Вот здесь тов. Кулиш совершенно правильно сделал замечание в адрес автора о несуразице с директивами. Но я хочу отметить, что историки не разобрались до сих пор, почему такая получилась несуразица: в течение нескольких часов три оперативных стратегических директивы; какие причины, почему такая свистопляска получается? И, мне кажется, ответили историки на этот вопрос поверхностно, объяснили это растерянностью и нерешительностью. А когда глубоко подумаешь, вдумаешься в эти вопросы, то видишь, что это не совсем так.
Речь идет не о растерянности и нерешительности, а причины здесь более глубокие.
Нащупывая пути к решению этой задачи, мне представляется, для этого надо вскрыть объективные глубокие причины наших военных неудач, надо тщательно проанализировать военно-политическую обстановку накануне Великой Отечественной войны, проанализировать глубоко ту политику, которая проводилась в капиталистическом мире, и ту, которую проводил Советский Союз.
Я не удивлю вас, сказав, что накануне войны были два политических курса в этой области. Один курс – западных стран, которые вели политику подготовки к войне с Советским Союзом, причем они пытались столкнуть Германию с Советским Союзом, использовав ее для военного выступления против СССР. По этому вопросу они время от времени сходились, но когда западные державы убедились, что палка с двумя концами может обратиться против них, они вынуждены были сменить свою тактику в отношении Советского Союза. А после падения Парижа наступило некоторое отрезвление правящих кругов Англии и США.

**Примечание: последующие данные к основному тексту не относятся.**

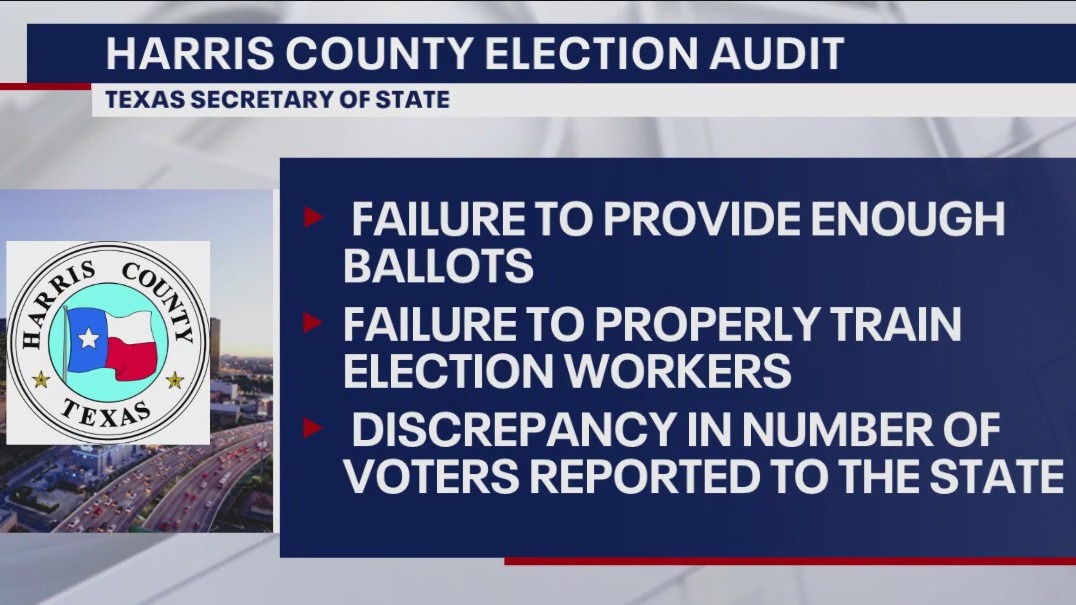 Harris County's election audit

Другая линия политики была – во что бы то ни стало предотвратить войну, не дать себя спровоцировать. Это политика нашей партии. Но после того, как пала Франция, очевидно, эта политика и с нашей стороны не совсем отвечала действительности. На Западе происходит переоценка отношений с Германией. Очевидно, она должна была происходить и у нас. Надо было заметить новые тенденции, намечавшиеся в области внешней политики, а они, видимо, с нашей стороны не были полностью замечены и, как свидетельствуют наши документы и наш опыт, мы продолжали придерживаться той же политики и той же оценки положения, какие сложились еще до падения Франции. Здесь не следует критиковать за установившуюся оценку, обстановка была совершенно другая. Назовите в истории хотя бы одного крупного военно-политического деятеля, который иначе оценивал бы военно-политическую обстановку того времени – никто не мог бы, ни в западном мире, ни у нас, предсказать, что Франция падет так скоро. И Сталин тоже полагал, что война примет затяжной характер, и Сталин рассчитывал на раскол в капиталистическом мире, на то, что война затянется на значительный срок, что это время может быть использовано для передышки, для того, чтобы добиться раскола в капиталистическом мире, а пока заключить договор с Германией, выиграть время и использовать лучшие возможности.

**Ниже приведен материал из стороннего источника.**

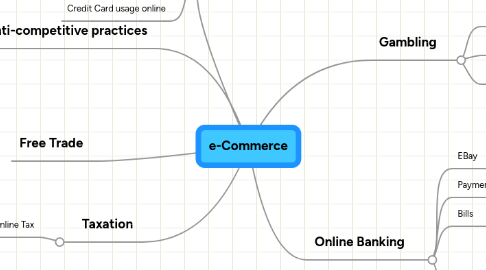 Mind Map: e-Commerce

У Сталина была определенная военно-политическая оценка обстановки, которой он держался почти до начала войны. Он полагал, что войну можно предотвратить договором, чтобы не дать возможности спровоцировать себя на войну. И когда мы говорим о директивах первых дней, то тут надо это учитывать. Есть основания полагать, что когда война началась, принимались меры к ее предотвращению, вот почему не отдавались приказы о немедленном отводе войск на передовые позиции. Мы, историки, должны искать причины отдачи этих директив, а не только объяснять растерянностью и нерешительностью Сталина.